El 10 de abril de 1938, y una vez que ya se han desencadenado a las primeras redadas, persecuciones y asesinatos de judíos y disidentes, los nazis llevan a cabo un referéndum con la pretensión de legitimar su anexión. El resultado, como era de esperar, es rotundo, arrojando un 99,73% de votos a favor de las tesis nazis, un resultado “que, en lo esencial, no estuvo en absoluto falseado”, tal como aseguraba el historiador salzburgués Gerhard Botz. Los suicidios de los hebreos comenzaron en silencio y nadie se preocupó de su adversa suerte.
Una vez instalados en el poder, comenzó el latrocinio organizado de los bienes judíos, los saqueos de las viviendas, las ventas forzadas de negocios y propiedades a precios irrisorios a los nazis y también las huidas. Y los suicidios. Cada día se suicidaban en la nueva Viena más de diez judíos y la cifra fue aumentando hasta el medio centenar antes de la Segunda Guerra Mundial. Los artistas, escritores y propietarios judíos eran apaleados hasta la muerte por grupos de nazis organizados en comandos “móviles”. En apenas unas semanas, la vida judía se había apagado para siempre y la nueva Austria se rendía al nuevo orden ante el silencio generalizado de la sociedad y la complacencia de la Iglesia católica.

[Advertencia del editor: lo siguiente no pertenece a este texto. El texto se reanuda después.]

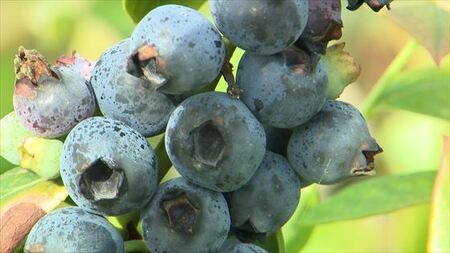 ブルーベリー ハウス 4月発送 【 ブルーベリー 】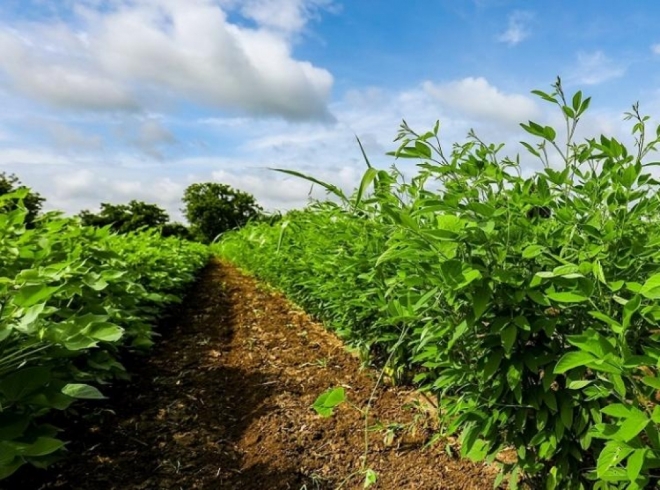 Adubo verde oferece benefícios na produtividade e contribuem com o meio ambiente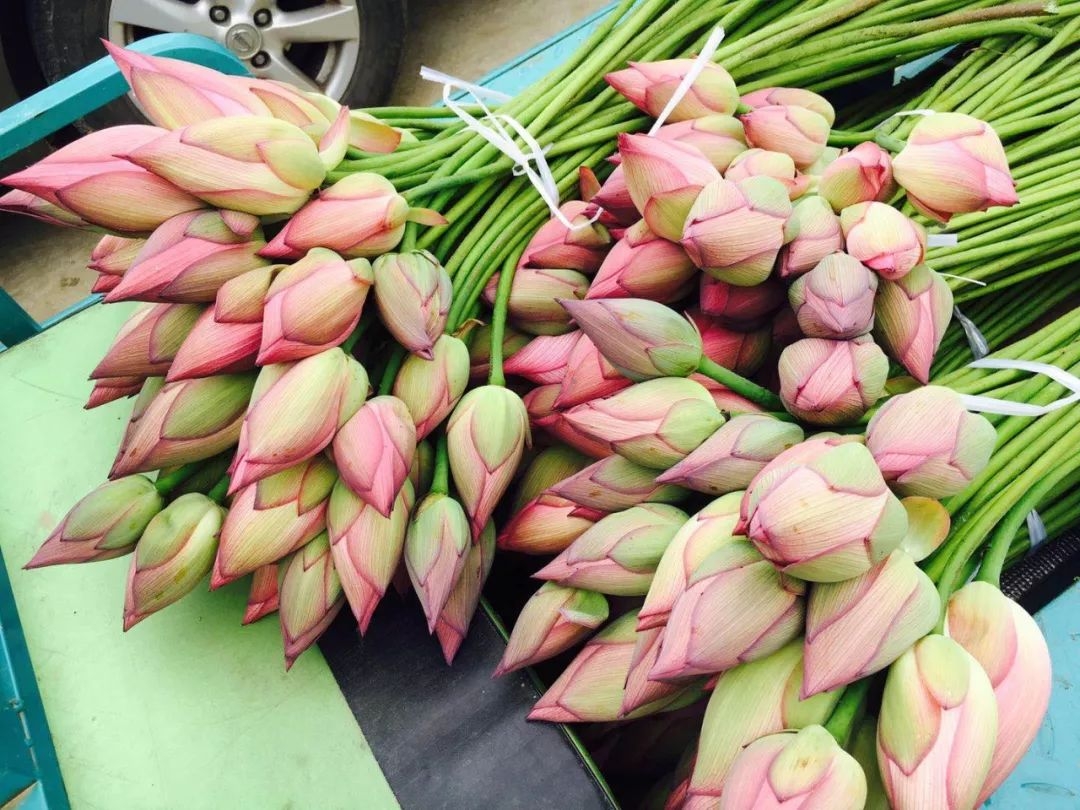 Fresh-cut-lotus - Image 18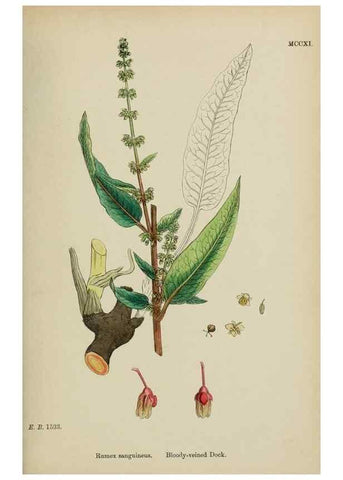 Reproducción/Reproduction 48753909971: English botany, or, Coloured figures of British plants /. London :R. Hardwicke,1863-1886.. 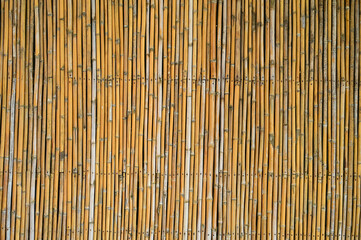 wooden bamboo wall background for interior design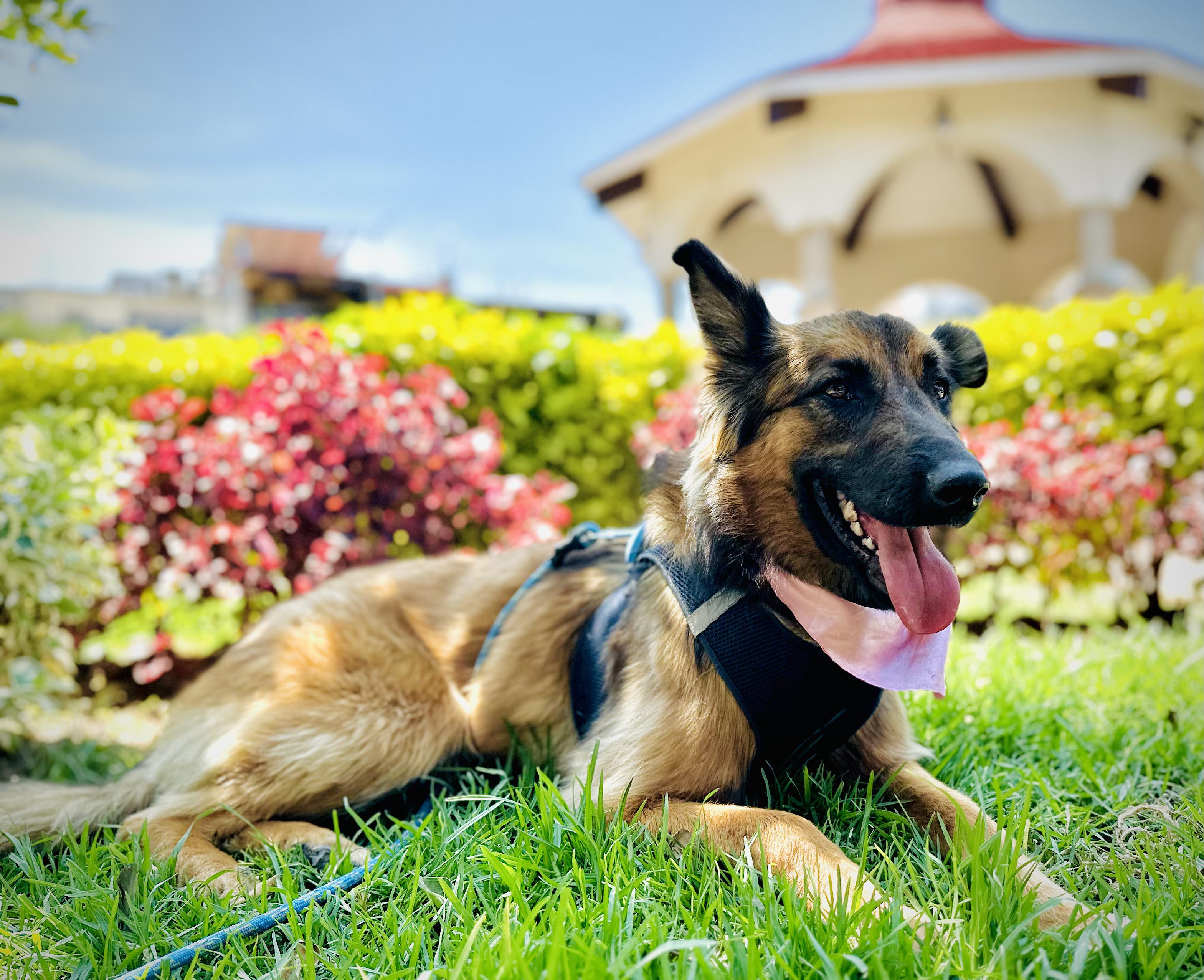 Enlarge Dory, a Adoptable Mixed Breed in Encino, CA image 5/6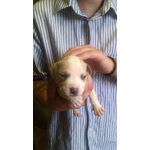 Splendidi Cuccioli di Pitbull Ukc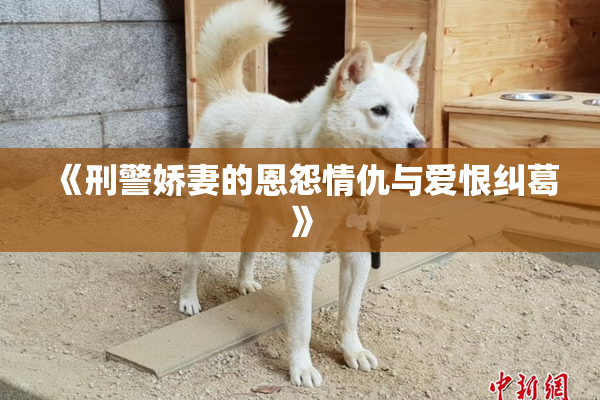 《刑警娇妻的恩怨情仇与爱恨纠葛》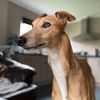 flaco.elgalgo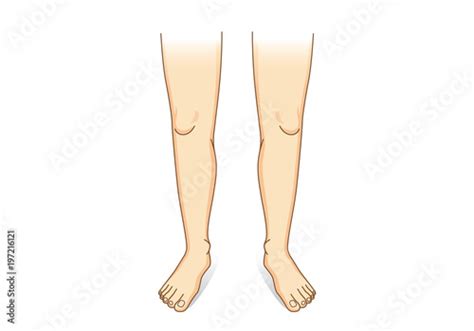 Leg Vector In Front View Illustration About Human Legs Composition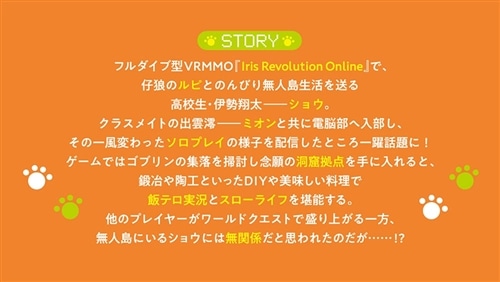 もふもふと楽しむ無人島のんびり開拓ライフ２ ～VRMMOでぼっちを満喫するはずが、全プレイヤーに注目されているみたいです～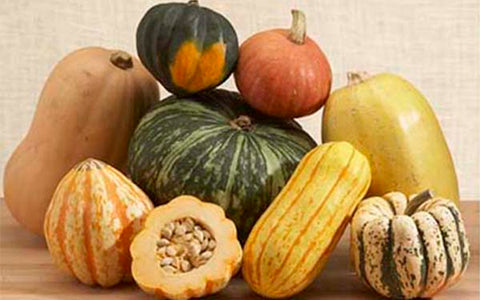 Image of Winter Squash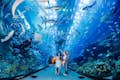 Famille au tunnel de l'aquarium de Dubaï observant les centaines de poissons, coraux et requins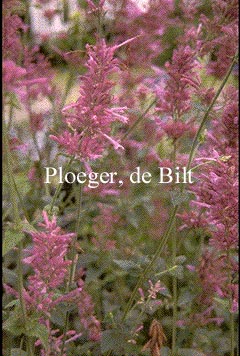 Agastache mexicana 'Mauve Beauty'
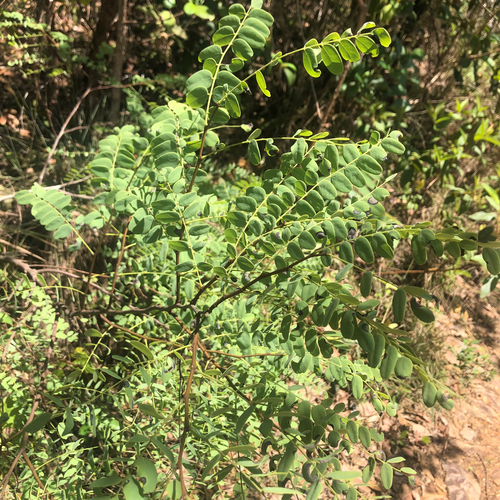 Dalbergia observed 2026-10-26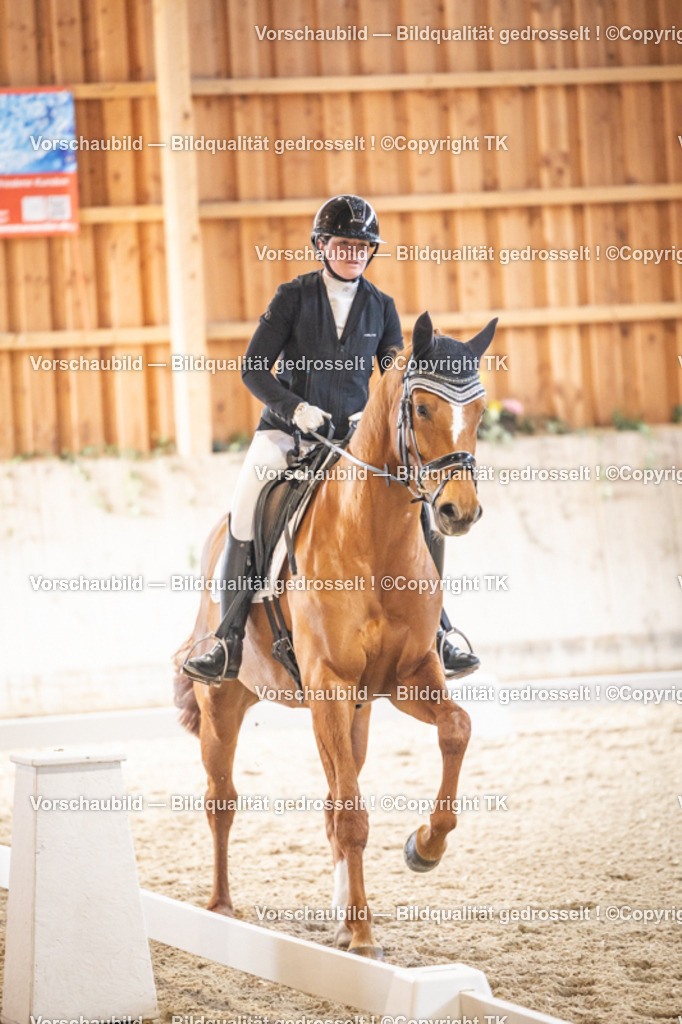 _D5A8409 | Emotionale Pferde- & People-Fotografie rund um Heidelberg, Leimen & Umgebung. Natürliche Fotos von Pferd, Mensch & Familie. Jetzt Termin sichern!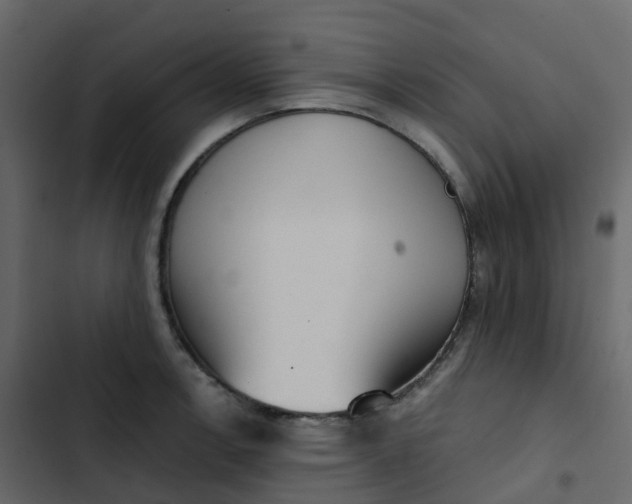 X0000102871138200809021441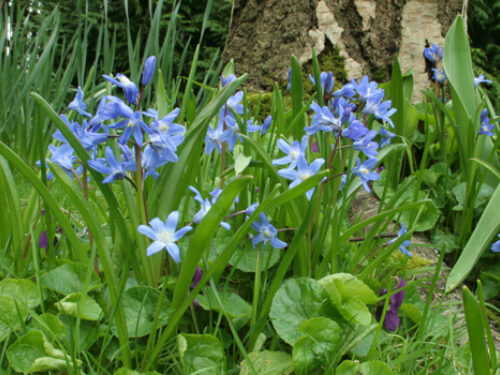 A view of the plant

Un escritor austríaco de entonces, Carl Zuckmayer, escribiría en su diario, escrito en 1938, las siguientes reflexiones: “El submundo había abierto sus puertas, y dejado en libertad a sus espíritus más bajos, repugnantes e impuros (…) lemúres y semidemonios parecían salir de huevos de inmundicia y subir encenegados agujeros en la tierra. El aire estaba lleno de un incesante griterío chillón, confuso, histérico, que salía de gargantas masculinas y femeninas y seguía sonando estridente día y noche. Y todos los seres humanos perdieron su rostro, se asemejaron a deformes caricaturas: la una de miedo, la otra de mentira, la otras de triunfo salvaje y lleno de odio (…) Fue un aquellarre del populacho y el entierro de toda dignidad humana”. Más tarde, con destino a Suiza, Zuckmayer abandonaría su Austria natal, sumida ya en la catástrofe y al borde la tragedia sobre la que precipitaba sin tener siquiera conciencia de la misma.
Este odio al diferente, tan extendido en Alemania y en otras partes del continente, pues no se trata aquí de estigmatizar a los alemanes, gozaba, además, del “manto protector” del Creador. Resultan curiosas las justificaciones de estas limpiezas étnicas en nombre de un supuesto mandato divino, tal como hizo Hitler en numerosas ocasiones, siguiendo los rastros de nuestros Reyes Católicos y otros prominentes antisemitas: “Si el judío llegase a conquistar las naciones del mundo, su triunfo sería entonces la corona fúnebre y la muerte de la humanidad. Nuestro Planeta volvería a rotar en el desierto, en el cosmos, como hace millones de años. Debemos defendernos de los judíos para hacer cumplir la voluntad de Dios”. Es decir, que el aniquilamiento y la extinción del judío quedaban legitimados en nombre de la supuesta suprema voluntad de Dios, y los nazis no hacían más que cumplir el mandato divino de un plan preconcebido para salvar al mundo de la “judería” europea.